Perhaps in deference to the obvious need to find a suitable vehicle for Crypto, developer Universomo has completely overhauled the graphics and gameplay.
Visually, Crypto Does Vegas is polished and stylish, combining clean Flash-like animations with more conventional hand-drawn sprites and backdrops. The laser beams crackle beautifully, and the star-spangled menu screens belong to a cool and cohesive art-style that does as much for the experience as the gameplay does.
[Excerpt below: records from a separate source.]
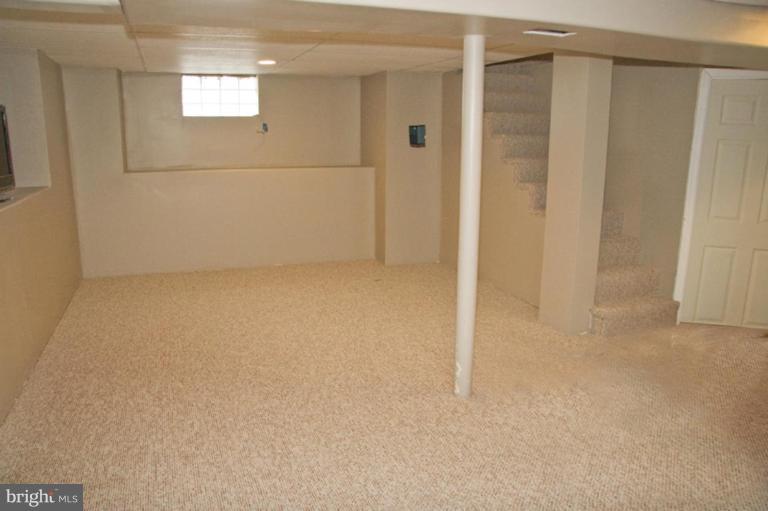 1201 North Point Road Dundalk, MD 21222 - Photo 8 of 17 a view of an empty room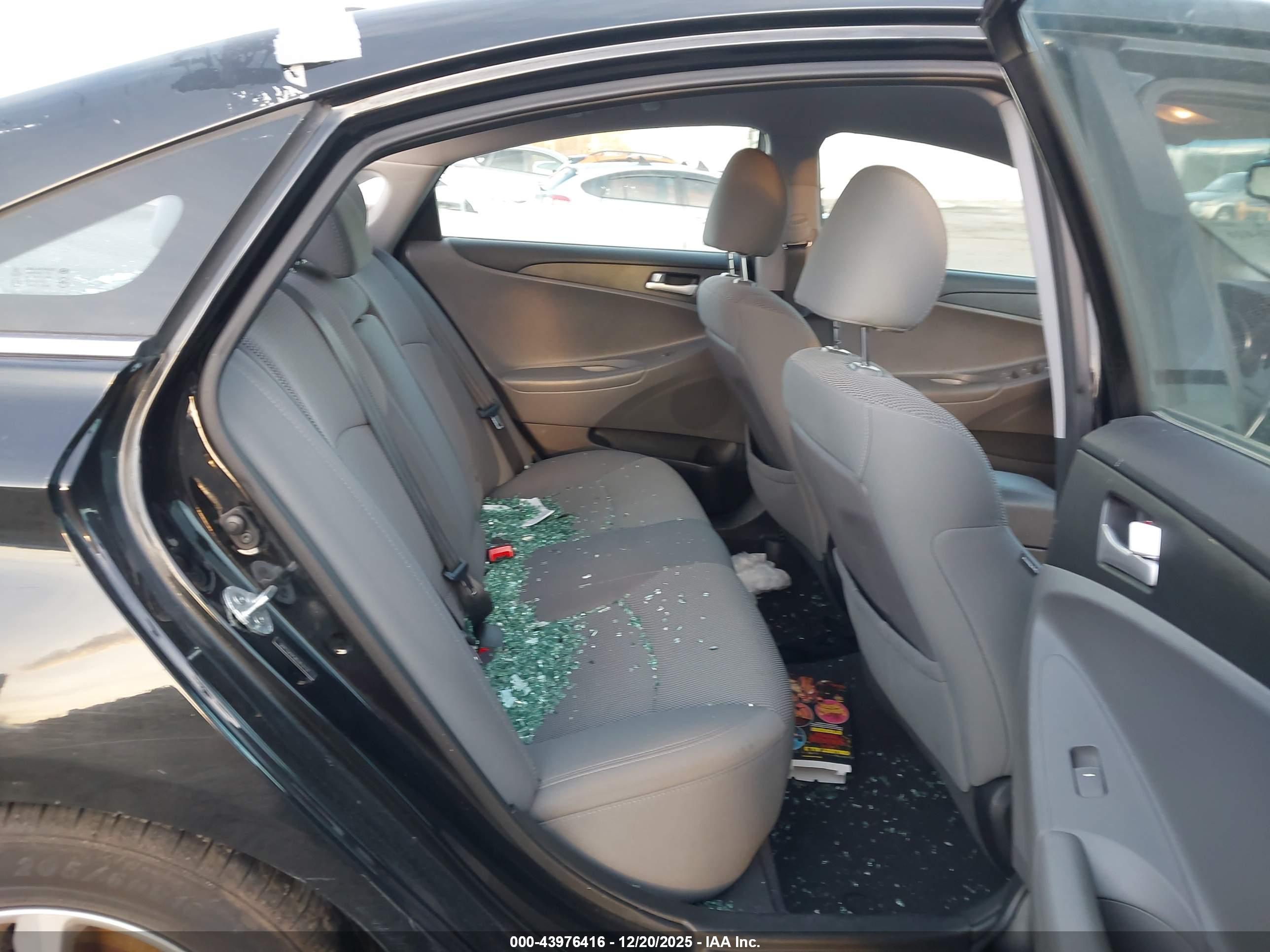 HYUNDAI SONATA image 8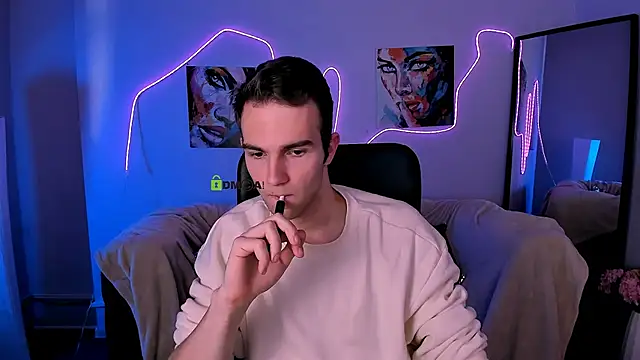 astren villo online show from 02/03/26, 07:24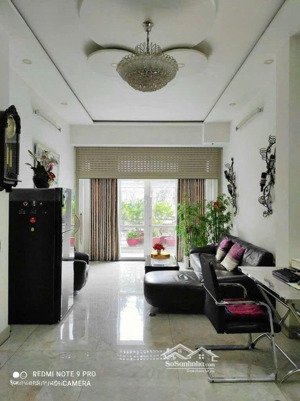 bán nhà mt đào duy anh p.9.q. phú nhuận dt:5x20 cn:100m2 kc: 1trệt 3 tầng giá 20 tỷ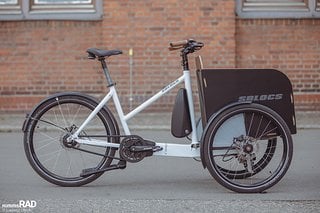 Das calderas_2k ist das erste kompakte Cargobike von Sblocs, in dem zwei Kinder Platz finden.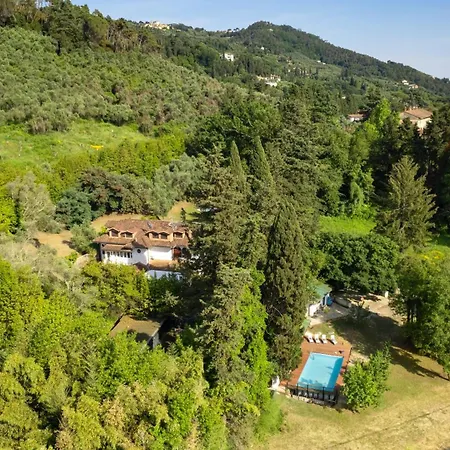Manganelli 12, Emma * Camaiore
But rather than having direct control over Crypto, you have control over his aiming crosshair, which revolves around him at a fixed distance when you hold down '4' or '6'. While this makes Crypto Does Vegas look like a target game in which the crosshair uncooperatively orbits the central sprite, in fact the target only signifies the direction of your shots, and not where the bullets will actually hit.
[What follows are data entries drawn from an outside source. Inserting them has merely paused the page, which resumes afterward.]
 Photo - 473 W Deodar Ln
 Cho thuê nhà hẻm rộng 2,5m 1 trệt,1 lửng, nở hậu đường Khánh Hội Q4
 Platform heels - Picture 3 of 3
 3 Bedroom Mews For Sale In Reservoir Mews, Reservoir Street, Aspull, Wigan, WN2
As a result, close targets are easier to hit than those that are far away. Not that it makes much odds. The screen is small enough and the collision detection sufficiently generous that you get your man with little effort.
Pretty soon though, you're up against casino security - a uniformed bunch who aren't particularly difficult to kill, but have guns. They only fire at you every few seconds, but since one of their shot kills, they present a threat so you need to get out of the way. This is difficult, since you have very limited control over Crypto - your movement being restricted to a tiny pinioning circle as you swing the crosshair around him.
In fact, when the bullets really start to fly in the later levels you've little chance of dodging them, so you need to rely on killing everybody before they have a chance to fire a bullet. To do this, you have a range of weapons, which your wingman beams directly into your hands one at a time.
Having started off with a 'zap-o-matic', you immediately move on to a more powerful 'plasma blaster', and then back and forth between those two and the further option of grenades, which are small and slow-moving but take out several people at once. As the 17 chapter-headed levels progress meanwhile, your basic laser gets upgrades, so that it can kill two people at a time, then three.
Of course, abduction features heavily in Crypto Does Vegas too. To enable this, you get a 'gloom' gun which momentarily paralyses humans, giving your wingman a chance to beam them up and investigate the abnormal behaviour that turns out, in the end, to be the work of an evil clone of Crypto.
Yet, unfortunately, all of this makes the game sound more varied and interesting than it is. The mechanic of pinning you to the spot and letting you spin around is clever, and the game is never exactly dull during its fairly short playing time, but it feels like the one clever idea has been stretched too thinly over too many levels.
Nevertheless, Crypto Does Vegas is a unique, pretty and charismatic game that's worth a look, even if, in the end, it's not quite worthy of its own star character.